The thing I found most interesting was the choice of the word “interested” to describe the quality that Facebook and its competitors’ increasingly sophisticated machine learning tools use to determine what they show users. After all, computers aren’t people and you can’t just tell them “show Matt some stuff you think he’s likely to be interested in.” Instead, as I understand it, the models are trained with some kind of objective reward function. We don’t know exactly how TikTok works or what its reward function is, but it’s something like “it’s good if people watch the video and keep watching more videos on TikTok.” Internal to Facebook, they reward content that is “engaging.”
And it’s not just that machine learning is, in a sense, better at this than human recommenders — it’s actually doing something different.
When I was in high school, one of my teachers recommended that I read S.E. Finer’s three-volume macrohistory “The History of Government from the Earliest Times” because he knew that I enjoyed books like “Guns, Germs, and Steel” and “Plagues and Peoples.” Similarly, my grandfather once told me I might be interested in Charles & Mary Beard’s “The History of American Civilization.”
And I did find those books interesting, interesting enough that decades later, I remember what they said. But this kind of recommendation isn’t just more artisanal than TikTok’s — it’s actually answering a different question. My teachers and family members were essentially saying “given my understanding of your interests, my belief is that reading this book will help you become a better version of yourself.” Not everyone is that good at recommendations, though, and the idea that we could improve them by using data, computers, etc. is incredibly appealing.
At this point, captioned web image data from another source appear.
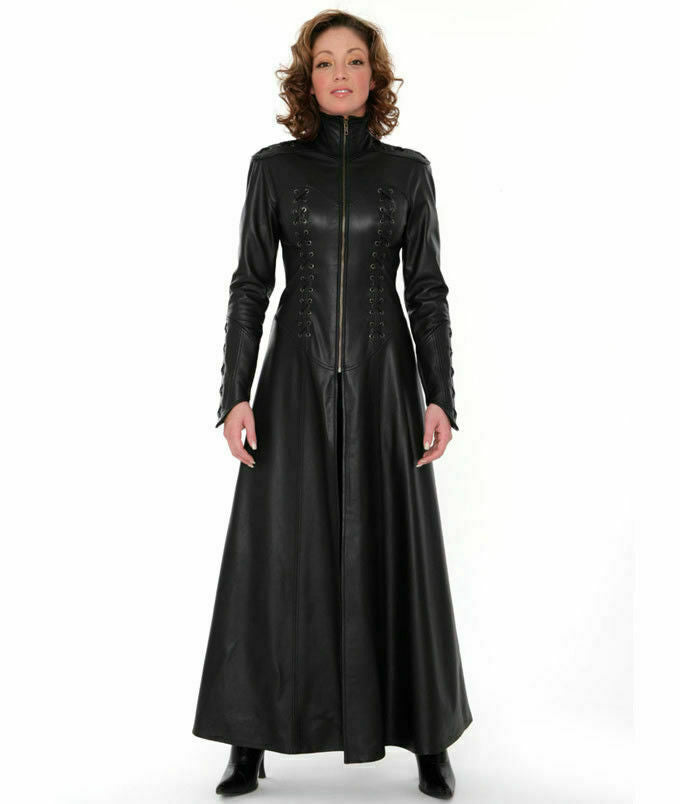 Real Leather Catsuit MATRIX-COAT Long Zipper Sexy Dress Cat Suit Kinky Dress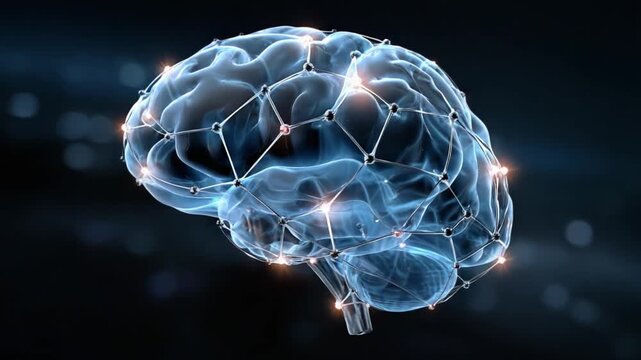 Brain Network: Illuminated connections within the human brain symbolize the power of thought, memory, and cognitive function. A visually striking representation of neural networks.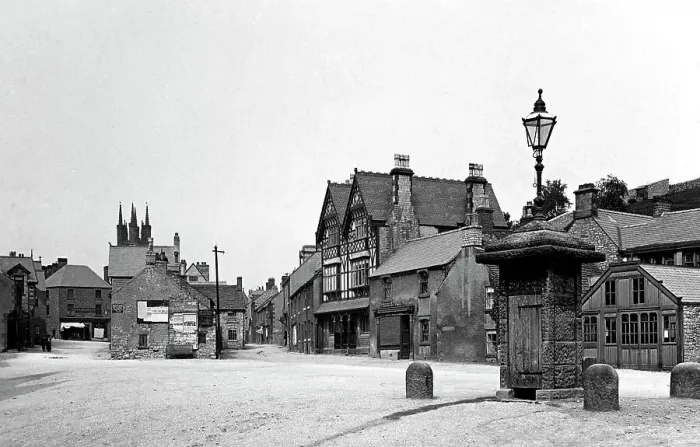 Framed Print : Tideswell Fountain Square early 1900s Framed Print : Tideswell Fountain Square early 1900s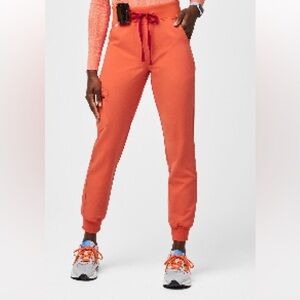 Figs Sunset Orange High Waisted Jogger Scrub Pants M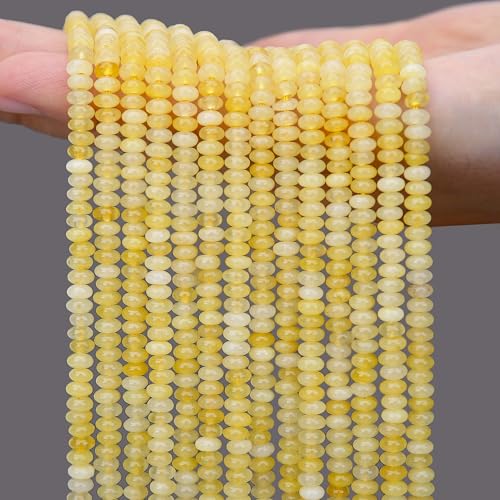 AUREHEN 2 Stränge (300 Stück) gelbe Jade-Rondelle-Perlen, 2 x 4 mm große Edelstein-Abstandshalter, Abakus-Scheibenperlen für DIY-Armbänder, Halsketten, Ohrringe, Schmuckherstellung, Bastelbedarf von AUREHEN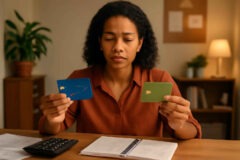 Professor comparando cartão de crédito com cashback e débito organizado para controlar melhor os gastos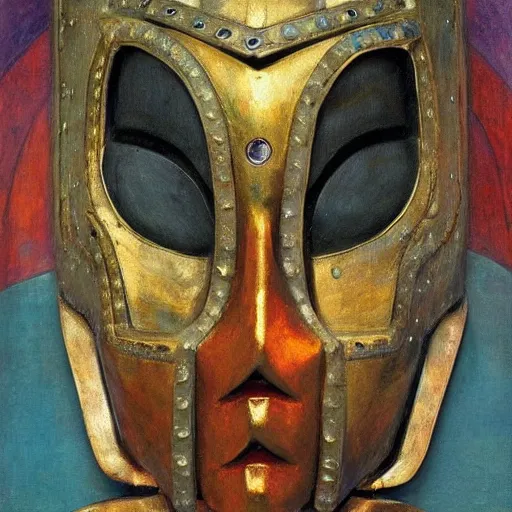 Image similar to the jeweled robot in her bird mask, by Annie Swynnerton and Diego Rivera, symbolist, dramatic lighting, elaborate geometric ornament, Art Deco,god rays, soft cool colors,smooth, sharp focus, extremely detailed, Adolf Wölfli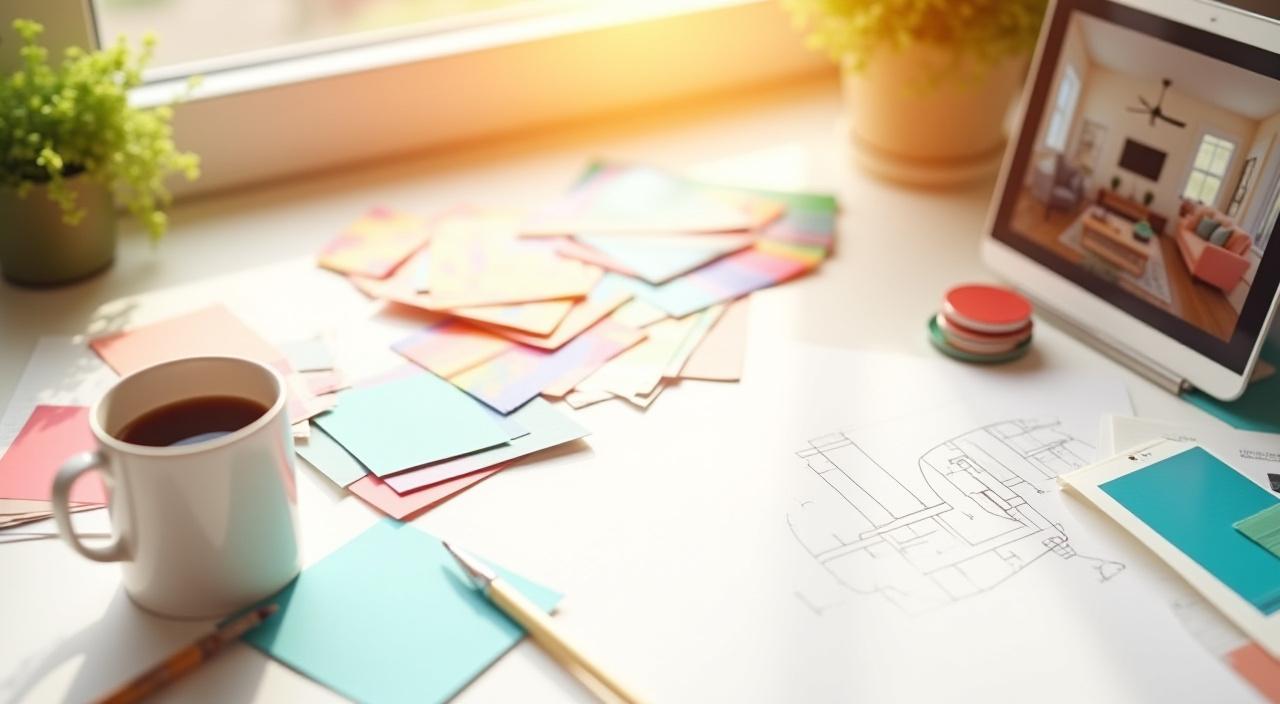 Bright and happy interior design workspace with color swatches and creative mood boards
But somewhere along the way we run into a serious alignment problem, and the recommendations engines that are increasingly driving our lives aren’t really doing what we truly want.
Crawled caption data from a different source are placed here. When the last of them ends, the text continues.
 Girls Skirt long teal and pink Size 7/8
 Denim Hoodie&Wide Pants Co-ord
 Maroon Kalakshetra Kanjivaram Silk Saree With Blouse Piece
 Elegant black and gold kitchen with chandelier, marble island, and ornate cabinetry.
Revealed preferences are overrated
The fact that all the major Silicon Valley executives seem to be reasonably slim and in pretty good shape always makes me suspicious.
Most Americans are overweight. And while the level of obesity is unusually high in the United States, every country as far as I’m aware is trending in the same direction.
Throughout the vast majority of human history, people had to endure significant periods of food shortfalls and calorie deficits, so the optimal way to behave when food was available was to consume surplus calories.
And in most domains of life, this kind of behavior is sensible. I own more pairs of socks than I need to get through a typical laundry cycle because sometimes things go wrong and it’s good to have backups. Developing an instinctual tendency to eat backup food when food is plentiful is going to help you survive periods of food dearth. The problem is that in the modern world, most people never endure a period like that. So to maintain a healthy weight you either need the iron self-discipline to avoid the overeating instinct, the iron self-discipline to practice intermittent fasting and create a simulacrum of dearth, or else to be a weirdo mutant who would have starved to death in 1622 but happens to be optimized for the modern world.
And it seems to me that most of the top Silicon Valley people do, in fact, have an iron will.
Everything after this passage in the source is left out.